> _Record set_:
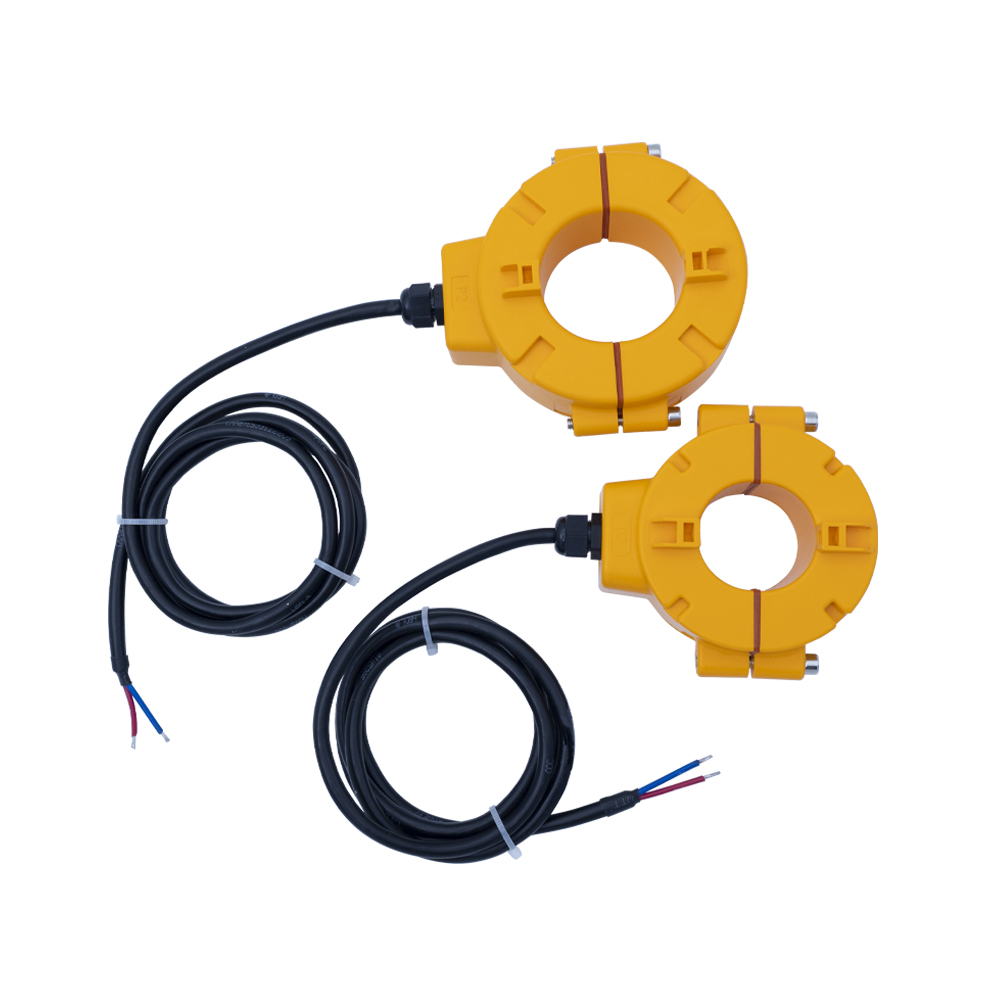 transformateur de courant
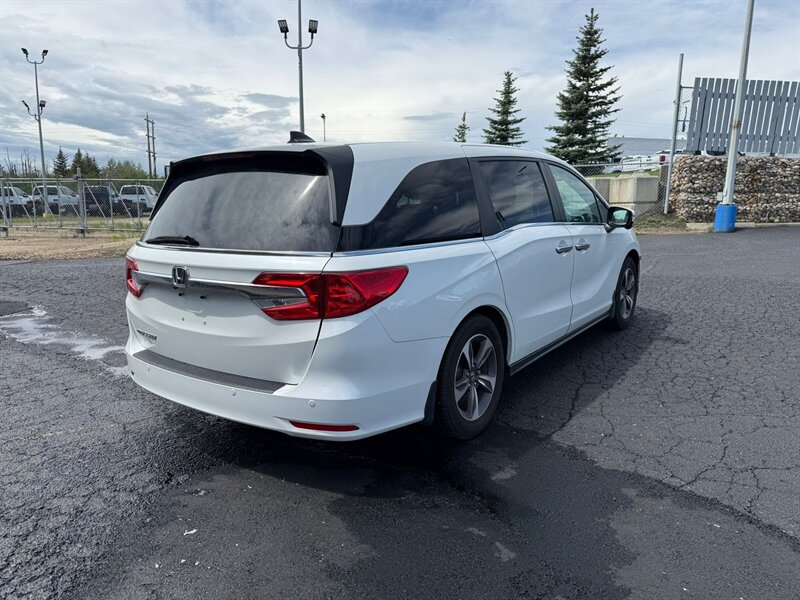 2020 Honda Odyssey EX-L RES - Photo 7 - Edmonton, AB T6V 1H5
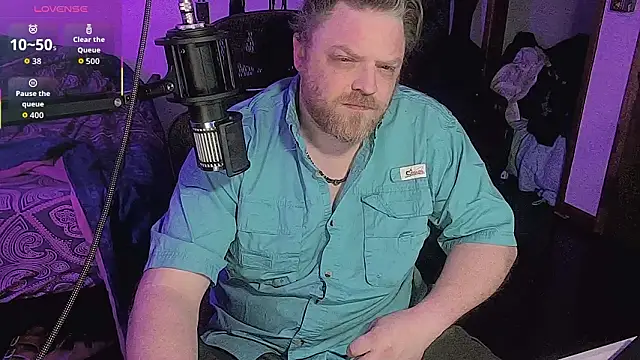 Bi_Master_Mack webcam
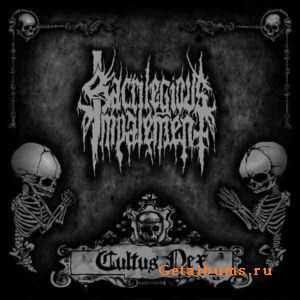 Sacrilegious Impalement - Cultus Nex (2009)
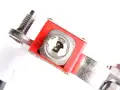 KLEMA PRZEWÓD AKUMULATORA MERCEDES H247 X156 W242 W246 W176 W177 INFINITI QX30 A2465408613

> _Activity_:
Copy every entry above exactly as it stands, but leave the pictures out.

> _Output for this exercise_:
 transformateur de courant
 2020 Honda Odyssey EX-L RES - Photo 7 - Edmonton, AB T6V 1H5
 Bi_Master_Mack webcam
 Sacrilegious Impalement - Cultus Nex (2009)
 KLEMA PRZEWÓD AKUMULATORA MERCEDES H247 X156 W242 W246 W176 W177 INFINITI QX30 A2465408613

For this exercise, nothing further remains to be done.